# Can this relationship between the Harmonic Number, Mertens, and Sum-of-Divisors functions be proven?

I've verified conjectured relationship (3) below for several thousand values of $$x$$ and suspect that it's true.

(1) $$\quad H(x)=\sum\limits_{n=1}^x\frac{1}{n}\qquad\qquad\qquad\quad$$(Harmonic Number Function)

(2) $$\quad M(x)=\sum\limits_{n=1}^x\mu(n)\qquad\qquad\qquad$$(Mertens Function)

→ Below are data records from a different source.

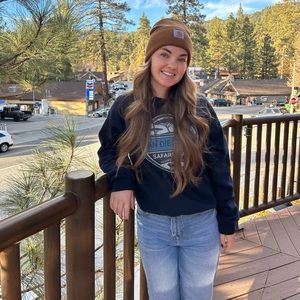 Meet your Posher, Lauren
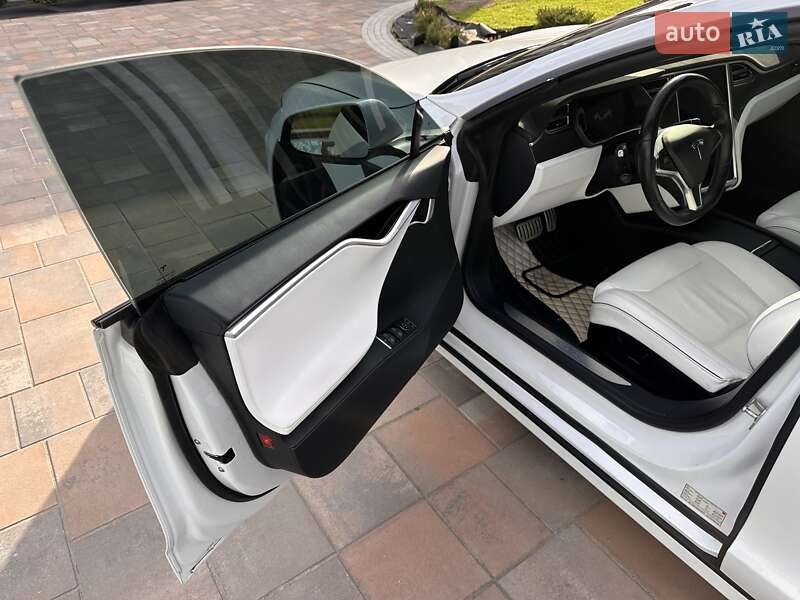 Ліфтбек Tesla Model S 2017 в Борисполі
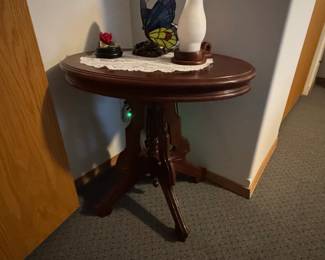 Vintage Cherry Pie Crust Pedestal Accent Table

(3) $$\quad H(x)\stackrel{?}{=}\sum\limits_{n=1}^x\frac{\sigma_1(n)}{n}\,M\left(\frac{x}{n}\right)\qquad\quad(\sigma_1(n)$$ is the Sum-of-Divisors Function$$)$$

Question: Has conjectured relationship (3) above been proven or disproven (or can it be)?

• I don't have a laid out proof, but something that seems like it could be useful in the proof of this is that $\sum_{n=1}^x M(\frac{x}{n}) = 1$ – Ryan Shesler Jun 23 '19 at 21:58
• I suggest that you try checking the Handbook of Number Theory (currently in two volumes) to see if your conjectured equation is there. Other than that, I do not remember having seen this relationship before. – Jose Arnaldo Bebita-Dris Jun 24 '19 at 5:52

Yes, this relationship is true and can be proved as follows (FYI $$\sigma_1(n)=\sum_{d\mid n}d$$ is more commonly known as the sum of divisors function, while the divisor function tends to refer to $$\sum_{d\mid n}1$$).
$$\sum_{1\leq n\leq x}\frac{\sigma_1(n)}{n}M(x/n) = \sum_{1\leq n\leq x}\frac{1}{n}\sum_{d\mid n}d\sum_{1\leq m\leq x/n}\mu(m).$$
$$= \sum_{1\leq d,m\leq x} d\mu(m)\sum_{\substack{1\leq n\leq x/m\\ d\mid n}} \frac{1}{n} = \sum_{1\leq dmn\leq x} \frac{\mu(m)}{n}= \sum_{1\leq k\leq x}\mu \ast 1\ast f(k)$$
where $$f(t)=1/t$$ and $$\star$$ denotes the multiplicative Dirichlet convolution. By Mobius inversion $$\mu\star 1$$ is the identity function for convolution, and hence this sum is just $$\sum_{1\leq k\leq x}f(k)=H(x)$$ as you claim.